[What needs to be done]:
Select the lines below containing the word "Road".

▬▬▬▬▬▬

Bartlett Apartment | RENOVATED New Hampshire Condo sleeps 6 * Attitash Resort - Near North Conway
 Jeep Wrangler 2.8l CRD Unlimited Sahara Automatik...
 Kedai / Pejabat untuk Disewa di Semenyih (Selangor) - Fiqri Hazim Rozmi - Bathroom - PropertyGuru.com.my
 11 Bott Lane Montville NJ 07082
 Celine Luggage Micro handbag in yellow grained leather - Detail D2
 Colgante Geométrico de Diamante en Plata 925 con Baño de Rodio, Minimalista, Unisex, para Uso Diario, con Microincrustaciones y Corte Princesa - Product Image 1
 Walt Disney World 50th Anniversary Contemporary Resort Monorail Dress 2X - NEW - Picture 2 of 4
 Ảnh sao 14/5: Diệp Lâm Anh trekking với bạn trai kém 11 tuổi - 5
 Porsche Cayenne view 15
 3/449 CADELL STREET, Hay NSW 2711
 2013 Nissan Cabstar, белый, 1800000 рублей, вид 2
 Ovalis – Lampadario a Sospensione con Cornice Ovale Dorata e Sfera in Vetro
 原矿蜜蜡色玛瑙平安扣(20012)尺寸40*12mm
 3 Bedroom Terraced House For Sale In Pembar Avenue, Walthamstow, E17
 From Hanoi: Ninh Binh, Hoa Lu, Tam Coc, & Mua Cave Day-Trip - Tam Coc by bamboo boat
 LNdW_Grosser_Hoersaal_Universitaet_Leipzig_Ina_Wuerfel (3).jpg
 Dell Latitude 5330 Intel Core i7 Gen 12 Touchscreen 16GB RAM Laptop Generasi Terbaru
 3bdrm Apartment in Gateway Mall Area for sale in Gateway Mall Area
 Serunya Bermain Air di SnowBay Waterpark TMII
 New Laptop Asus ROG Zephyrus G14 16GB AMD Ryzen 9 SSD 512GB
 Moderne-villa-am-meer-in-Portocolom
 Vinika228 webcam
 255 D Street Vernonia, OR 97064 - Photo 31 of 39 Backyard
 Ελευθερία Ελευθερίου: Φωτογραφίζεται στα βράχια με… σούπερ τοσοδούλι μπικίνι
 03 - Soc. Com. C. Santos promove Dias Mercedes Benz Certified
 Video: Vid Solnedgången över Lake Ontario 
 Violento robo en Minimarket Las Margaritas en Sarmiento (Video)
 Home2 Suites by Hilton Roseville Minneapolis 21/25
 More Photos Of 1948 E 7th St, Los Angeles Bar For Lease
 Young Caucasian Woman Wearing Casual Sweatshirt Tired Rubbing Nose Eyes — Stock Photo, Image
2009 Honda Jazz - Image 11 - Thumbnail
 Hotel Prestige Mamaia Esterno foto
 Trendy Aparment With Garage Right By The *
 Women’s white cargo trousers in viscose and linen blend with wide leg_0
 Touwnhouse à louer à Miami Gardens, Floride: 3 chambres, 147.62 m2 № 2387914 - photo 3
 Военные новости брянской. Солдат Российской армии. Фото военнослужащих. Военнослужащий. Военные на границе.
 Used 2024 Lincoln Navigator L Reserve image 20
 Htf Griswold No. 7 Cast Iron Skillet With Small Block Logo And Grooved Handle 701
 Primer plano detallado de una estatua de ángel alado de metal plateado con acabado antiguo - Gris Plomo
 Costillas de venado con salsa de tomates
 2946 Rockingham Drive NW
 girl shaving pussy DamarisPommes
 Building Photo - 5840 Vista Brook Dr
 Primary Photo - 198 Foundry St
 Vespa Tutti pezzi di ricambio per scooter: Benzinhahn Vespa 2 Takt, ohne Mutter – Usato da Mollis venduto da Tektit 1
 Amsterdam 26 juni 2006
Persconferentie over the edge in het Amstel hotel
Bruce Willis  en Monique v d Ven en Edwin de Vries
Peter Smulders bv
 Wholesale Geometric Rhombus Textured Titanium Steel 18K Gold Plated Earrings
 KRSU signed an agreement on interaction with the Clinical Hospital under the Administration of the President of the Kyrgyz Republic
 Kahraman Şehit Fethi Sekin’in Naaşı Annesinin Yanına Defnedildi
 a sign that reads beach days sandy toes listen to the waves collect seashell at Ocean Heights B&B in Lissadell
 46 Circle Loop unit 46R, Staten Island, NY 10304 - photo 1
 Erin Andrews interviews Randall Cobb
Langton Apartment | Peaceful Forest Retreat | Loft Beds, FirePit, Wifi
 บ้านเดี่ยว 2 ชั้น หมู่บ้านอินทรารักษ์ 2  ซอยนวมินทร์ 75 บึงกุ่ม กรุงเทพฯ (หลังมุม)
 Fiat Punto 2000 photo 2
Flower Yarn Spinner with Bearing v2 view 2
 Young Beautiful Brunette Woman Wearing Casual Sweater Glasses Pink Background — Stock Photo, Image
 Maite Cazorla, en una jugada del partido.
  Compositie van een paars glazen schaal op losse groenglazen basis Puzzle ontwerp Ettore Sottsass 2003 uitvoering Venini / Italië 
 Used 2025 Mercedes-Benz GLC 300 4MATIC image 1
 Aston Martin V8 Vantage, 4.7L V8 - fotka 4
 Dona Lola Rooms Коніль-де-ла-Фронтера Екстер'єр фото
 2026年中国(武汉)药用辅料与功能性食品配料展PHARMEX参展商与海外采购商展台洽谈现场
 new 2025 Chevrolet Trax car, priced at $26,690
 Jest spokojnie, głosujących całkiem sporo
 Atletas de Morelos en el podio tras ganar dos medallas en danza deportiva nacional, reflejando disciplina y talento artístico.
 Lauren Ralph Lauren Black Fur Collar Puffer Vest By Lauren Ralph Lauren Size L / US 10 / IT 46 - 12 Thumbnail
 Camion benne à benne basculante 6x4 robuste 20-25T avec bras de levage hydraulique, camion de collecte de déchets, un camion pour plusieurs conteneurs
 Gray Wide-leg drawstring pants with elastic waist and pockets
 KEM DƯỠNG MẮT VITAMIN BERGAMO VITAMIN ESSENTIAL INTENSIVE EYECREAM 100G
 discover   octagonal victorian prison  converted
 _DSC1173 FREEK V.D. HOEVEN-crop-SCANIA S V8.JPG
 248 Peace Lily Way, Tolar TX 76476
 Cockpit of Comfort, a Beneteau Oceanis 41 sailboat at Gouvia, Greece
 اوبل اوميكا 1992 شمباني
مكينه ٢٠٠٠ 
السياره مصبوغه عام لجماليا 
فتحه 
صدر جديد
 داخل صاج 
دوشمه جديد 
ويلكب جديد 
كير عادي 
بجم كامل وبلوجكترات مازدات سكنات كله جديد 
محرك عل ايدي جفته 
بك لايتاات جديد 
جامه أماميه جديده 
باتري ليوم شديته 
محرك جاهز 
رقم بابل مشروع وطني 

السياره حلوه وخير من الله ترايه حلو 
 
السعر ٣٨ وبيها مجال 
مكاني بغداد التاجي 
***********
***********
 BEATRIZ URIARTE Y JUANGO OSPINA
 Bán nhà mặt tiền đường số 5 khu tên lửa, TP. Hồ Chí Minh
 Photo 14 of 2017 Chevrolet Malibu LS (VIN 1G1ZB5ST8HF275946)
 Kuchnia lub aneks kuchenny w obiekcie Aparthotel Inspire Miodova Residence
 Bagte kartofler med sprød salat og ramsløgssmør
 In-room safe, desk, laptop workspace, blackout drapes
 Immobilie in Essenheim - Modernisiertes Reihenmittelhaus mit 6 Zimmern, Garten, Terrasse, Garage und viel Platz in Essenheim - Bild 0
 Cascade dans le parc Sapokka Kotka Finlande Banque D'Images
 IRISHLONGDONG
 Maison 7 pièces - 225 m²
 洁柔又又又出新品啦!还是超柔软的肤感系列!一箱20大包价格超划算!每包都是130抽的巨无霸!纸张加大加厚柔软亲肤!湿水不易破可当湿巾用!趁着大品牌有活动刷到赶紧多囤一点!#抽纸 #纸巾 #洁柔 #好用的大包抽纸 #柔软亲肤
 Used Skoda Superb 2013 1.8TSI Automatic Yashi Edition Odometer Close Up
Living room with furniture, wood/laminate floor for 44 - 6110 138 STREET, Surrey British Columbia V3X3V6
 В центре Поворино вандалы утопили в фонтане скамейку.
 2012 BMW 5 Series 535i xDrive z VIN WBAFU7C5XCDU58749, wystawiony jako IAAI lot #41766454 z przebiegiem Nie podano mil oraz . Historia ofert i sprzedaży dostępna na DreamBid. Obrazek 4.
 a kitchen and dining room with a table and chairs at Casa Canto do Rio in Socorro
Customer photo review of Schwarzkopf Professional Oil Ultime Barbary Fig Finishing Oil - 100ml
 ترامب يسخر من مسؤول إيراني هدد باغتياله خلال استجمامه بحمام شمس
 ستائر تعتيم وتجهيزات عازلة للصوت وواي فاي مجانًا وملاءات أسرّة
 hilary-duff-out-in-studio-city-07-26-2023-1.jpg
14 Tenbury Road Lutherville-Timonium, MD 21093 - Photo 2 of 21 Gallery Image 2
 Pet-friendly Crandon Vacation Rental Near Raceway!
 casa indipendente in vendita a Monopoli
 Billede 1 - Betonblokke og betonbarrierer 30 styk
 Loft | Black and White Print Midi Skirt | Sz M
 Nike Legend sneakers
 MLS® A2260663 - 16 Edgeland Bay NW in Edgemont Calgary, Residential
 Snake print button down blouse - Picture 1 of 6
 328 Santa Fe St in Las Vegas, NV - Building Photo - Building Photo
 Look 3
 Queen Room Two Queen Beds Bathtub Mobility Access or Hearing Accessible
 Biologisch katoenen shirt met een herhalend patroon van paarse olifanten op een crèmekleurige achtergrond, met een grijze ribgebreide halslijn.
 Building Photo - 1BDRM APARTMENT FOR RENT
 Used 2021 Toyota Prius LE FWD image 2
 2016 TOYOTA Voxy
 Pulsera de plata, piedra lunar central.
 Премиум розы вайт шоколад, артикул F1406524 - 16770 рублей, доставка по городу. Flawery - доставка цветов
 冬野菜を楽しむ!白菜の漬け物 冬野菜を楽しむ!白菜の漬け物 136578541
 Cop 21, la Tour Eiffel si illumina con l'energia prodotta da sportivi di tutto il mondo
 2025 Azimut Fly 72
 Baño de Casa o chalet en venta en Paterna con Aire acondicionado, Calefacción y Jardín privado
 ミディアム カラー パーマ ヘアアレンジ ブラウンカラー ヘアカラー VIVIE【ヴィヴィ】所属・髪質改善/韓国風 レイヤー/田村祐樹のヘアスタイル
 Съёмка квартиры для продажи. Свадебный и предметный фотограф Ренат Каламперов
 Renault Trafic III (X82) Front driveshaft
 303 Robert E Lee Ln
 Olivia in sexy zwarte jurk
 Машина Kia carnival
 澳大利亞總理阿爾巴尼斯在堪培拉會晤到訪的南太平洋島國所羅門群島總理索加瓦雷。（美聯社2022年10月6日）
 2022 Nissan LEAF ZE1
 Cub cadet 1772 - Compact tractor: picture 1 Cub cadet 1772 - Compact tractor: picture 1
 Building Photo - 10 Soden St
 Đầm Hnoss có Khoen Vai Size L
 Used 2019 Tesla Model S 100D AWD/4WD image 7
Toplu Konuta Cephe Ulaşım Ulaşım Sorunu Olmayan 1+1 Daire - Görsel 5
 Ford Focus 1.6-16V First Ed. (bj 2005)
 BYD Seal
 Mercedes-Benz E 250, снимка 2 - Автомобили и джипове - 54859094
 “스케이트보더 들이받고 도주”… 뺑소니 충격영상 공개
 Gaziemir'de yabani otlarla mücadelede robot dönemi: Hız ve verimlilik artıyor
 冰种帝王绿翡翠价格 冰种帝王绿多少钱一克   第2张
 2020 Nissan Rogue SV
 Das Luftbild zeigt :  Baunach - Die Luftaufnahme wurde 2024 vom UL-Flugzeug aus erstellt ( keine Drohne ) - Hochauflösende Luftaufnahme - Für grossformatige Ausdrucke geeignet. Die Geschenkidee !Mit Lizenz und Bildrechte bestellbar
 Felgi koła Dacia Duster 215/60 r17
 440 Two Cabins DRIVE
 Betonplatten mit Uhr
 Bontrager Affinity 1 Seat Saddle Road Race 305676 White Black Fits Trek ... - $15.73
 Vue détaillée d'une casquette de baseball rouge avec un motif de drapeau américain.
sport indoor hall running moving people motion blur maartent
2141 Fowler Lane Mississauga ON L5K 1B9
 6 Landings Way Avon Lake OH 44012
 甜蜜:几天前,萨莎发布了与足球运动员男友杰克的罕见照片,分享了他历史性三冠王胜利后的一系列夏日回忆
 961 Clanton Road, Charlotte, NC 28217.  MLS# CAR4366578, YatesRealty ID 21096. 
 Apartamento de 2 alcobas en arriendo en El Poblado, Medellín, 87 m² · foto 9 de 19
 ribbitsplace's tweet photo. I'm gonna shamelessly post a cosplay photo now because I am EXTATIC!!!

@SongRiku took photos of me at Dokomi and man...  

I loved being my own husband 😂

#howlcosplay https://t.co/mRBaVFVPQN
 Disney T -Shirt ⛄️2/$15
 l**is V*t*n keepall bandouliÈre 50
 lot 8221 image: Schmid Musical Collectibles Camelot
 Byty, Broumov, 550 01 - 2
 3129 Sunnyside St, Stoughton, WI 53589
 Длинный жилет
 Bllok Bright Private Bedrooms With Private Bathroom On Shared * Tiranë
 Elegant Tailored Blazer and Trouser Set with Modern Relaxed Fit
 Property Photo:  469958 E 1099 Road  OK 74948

▬▬▬▬▬▬

[Task response]:
14 Tenbury Road Lutherville-Timonium, MD 21093 - Photo 2 of 21 Gallery Image 2
 Bontrager Affinity 1 Seat Saddle Road Race 305676 White Black Fits Trek ... - $15.73
 961 Clanton Road, Charlotte, NC 28217.  MLS# CAR4366578, YatesRealty ID 21096. 
 Property Photo:  469958 E 1099 Road  OK 74948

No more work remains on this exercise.